## YOUR OBJECTIVE:
When you reach the line containing "Buddha Stones Fall" in the records below, set it down exactly, together with every later line through the end, but not the pictures.

[Short web captions]
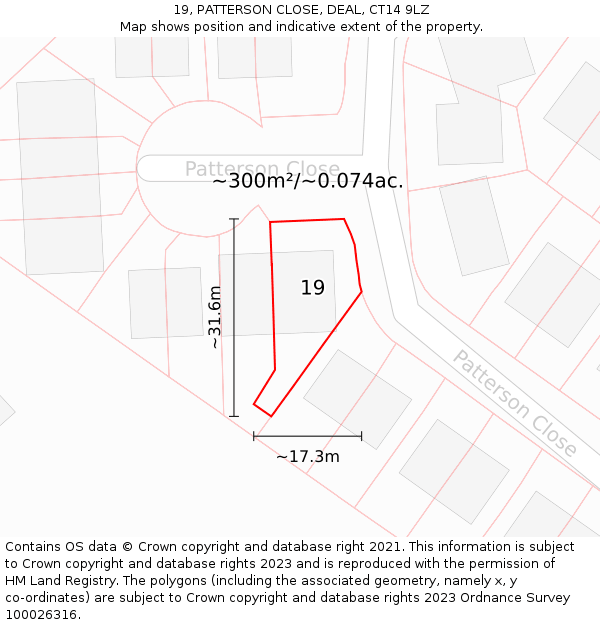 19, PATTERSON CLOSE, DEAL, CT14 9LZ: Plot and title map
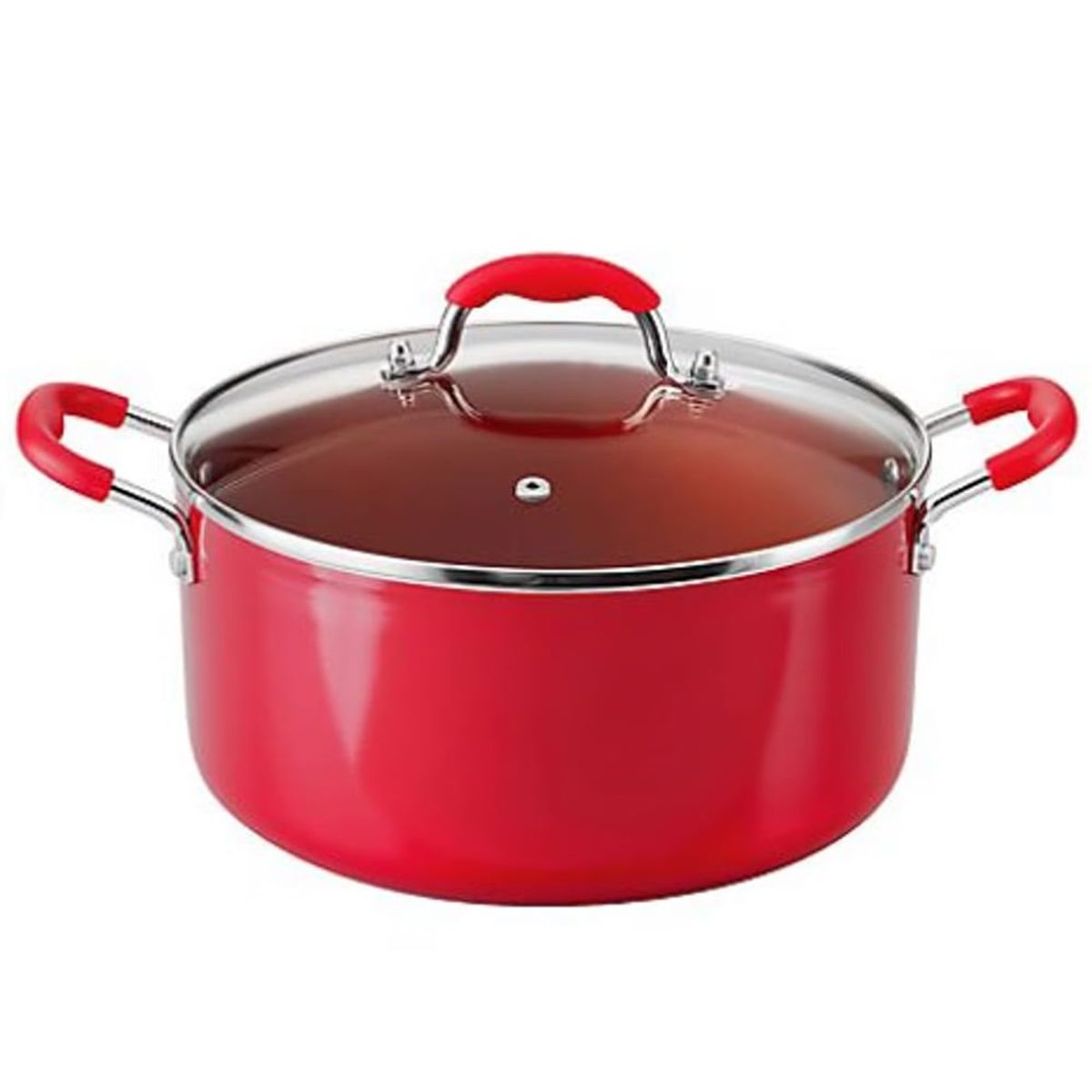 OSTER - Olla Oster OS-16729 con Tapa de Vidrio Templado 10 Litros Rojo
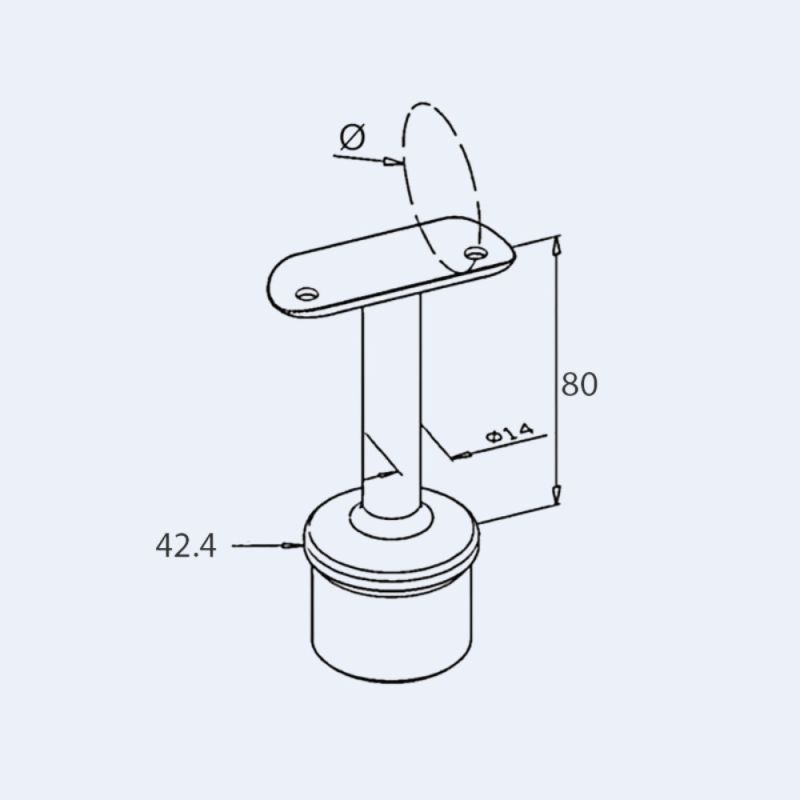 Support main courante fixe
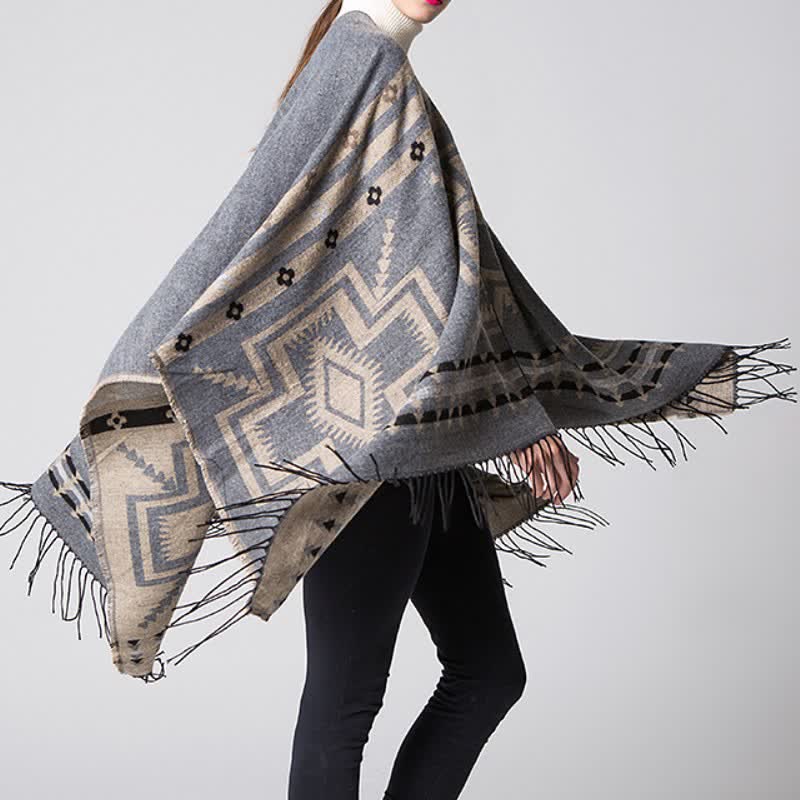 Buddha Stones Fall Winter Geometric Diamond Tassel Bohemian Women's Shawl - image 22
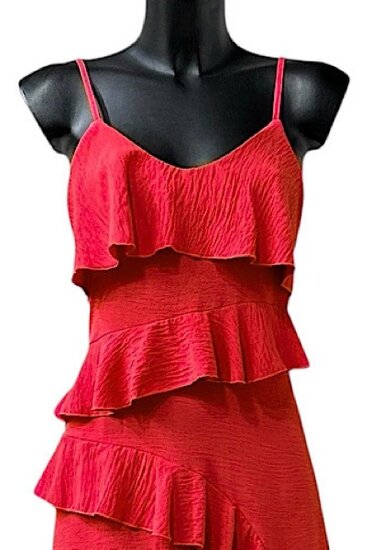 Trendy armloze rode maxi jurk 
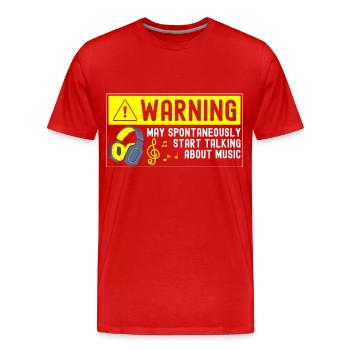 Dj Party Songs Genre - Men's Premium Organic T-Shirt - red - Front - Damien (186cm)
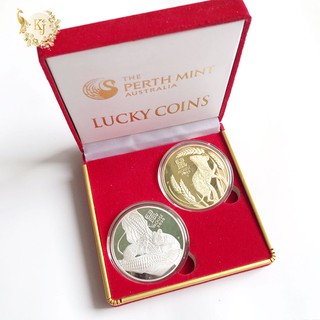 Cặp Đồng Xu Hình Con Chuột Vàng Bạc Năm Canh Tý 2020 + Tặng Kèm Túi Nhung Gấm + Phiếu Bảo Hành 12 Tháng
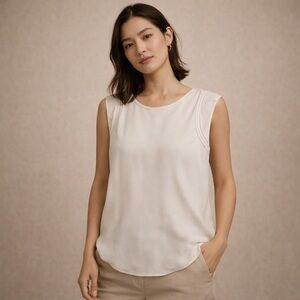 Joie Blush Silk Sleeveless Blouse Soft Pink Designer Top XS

## EXERCISE ANSWER:
 Buddha Stones Fall Winter Geometric Diamond Tassel Bohemian Women's Shawl - image 22
 Trendy armloze rode maxi jurk 
 Dj Party Songs Genre - Men's Premium Organic T-Shirt - red - Front - Damien (186cm)
 Cặp Đồng Xu Hình Con Chuột Vàng Bạc Năm Canh Tý 2020 + Tặng Kèm Túi Nhung Gấm + Phiếu Bảo Hành 12 Tháng
 Joie Blush Silk Sleeveless Blouse Soft Pink Designer Top XS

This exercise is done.